The design process was a slow evolution, beginning with a single leg, then adding a second, and finally expanding to four legs that could maintain balance. The version shown on the YouTube video is BigDog 3.5, the culmination of four ground-up redesigns that involved streamlining the robot and tweaking elements like leg shape.

“As we learned more about what worked and what didn’t, the platform evolved,” says robotics engineer Andy String, BELM ’07.

Pictured (left to right): Giarratana, String, Weagle, and Grygorcewicz. Photo: Mark Wilson

The hardest part about building BigDog—or any walking robot, for that matter—is that there’s no reference point.

“If you’re building a car, you can just look at the last car you built,” says senior robotics engineer John Giarratana, BELM ’02. “But for the seven years I’ve been here, everything that we’ve done has been completely uncharted territory.”

Even to those who work closely on the project, the results can be surprising. String spent months helping to build the reflex electronics on BigDog but was still amazed when he watched the robot’s graceful ice-slip recovery.

“Trying to get BigDog to react the way you would expect an animal to react was very difficult. And when it did accomplish that reaction, you just got this feeling like, ‘I can’t believe it’s doing that. I can’t believe it’s reacting in that way to that stimulus.’ ”

Further evidence of the robot’s polish came later that day, when—upon returning to the parking lot where the video was shot—String took a spill on the very same ice patch BigDog had just successfully navigated.

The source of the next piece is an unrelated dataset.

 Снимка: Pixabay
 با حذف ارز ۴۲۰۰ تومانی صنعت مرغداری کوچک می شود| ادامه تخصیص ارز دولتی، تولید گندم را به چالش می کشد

“Nobody else is doing this kind of work,” says robotics engineer Christian Weagle, BEET ’05. “There have been some legged robots that have been built in educational institutions, but nobody has ever tried to build durable, fieldable robots of this quality before,” he says. “It’s one thing to build a robot that can perform for a couple of weeks for a grad student’s thesis. It is a whole other thing to build a robot that has to work in the real world and can perform in combat conditions where people’s lives depend on it.”

BigDog’s celebrity has not been limited to the Internet. The Discovery Channel has made a visit to the company’s Waltham, Mass., headquarters, and the robot has been mentioned everywhere from CNN to The New York Times. Giarratana still regularly opens up magazines to find stories on BigDog, and even random conversations at the gym reveal a public awareness of his work.

“I knew I was a part of something crazy when the video came out, and within a week, it was on The Colbert Report.”

These days, BigDog is just one of several projects on the engineers’ plate. There is also LS3, a much larger version of BigDog set to debut sometime next year. A two-legged robot named PETMAN that seeks to recreate human gait and movement is also in the works, developed to help the government test chemical protection suits.

There are other projects, too— projects the engineers have spent countless hours working on that they can’t reveal the slightest bit of detail about. It would be, they all say, really amazing if they could talk about it, but they can’t. Given the celebrity status of their previous work, though, we’ll all know as soon as they can.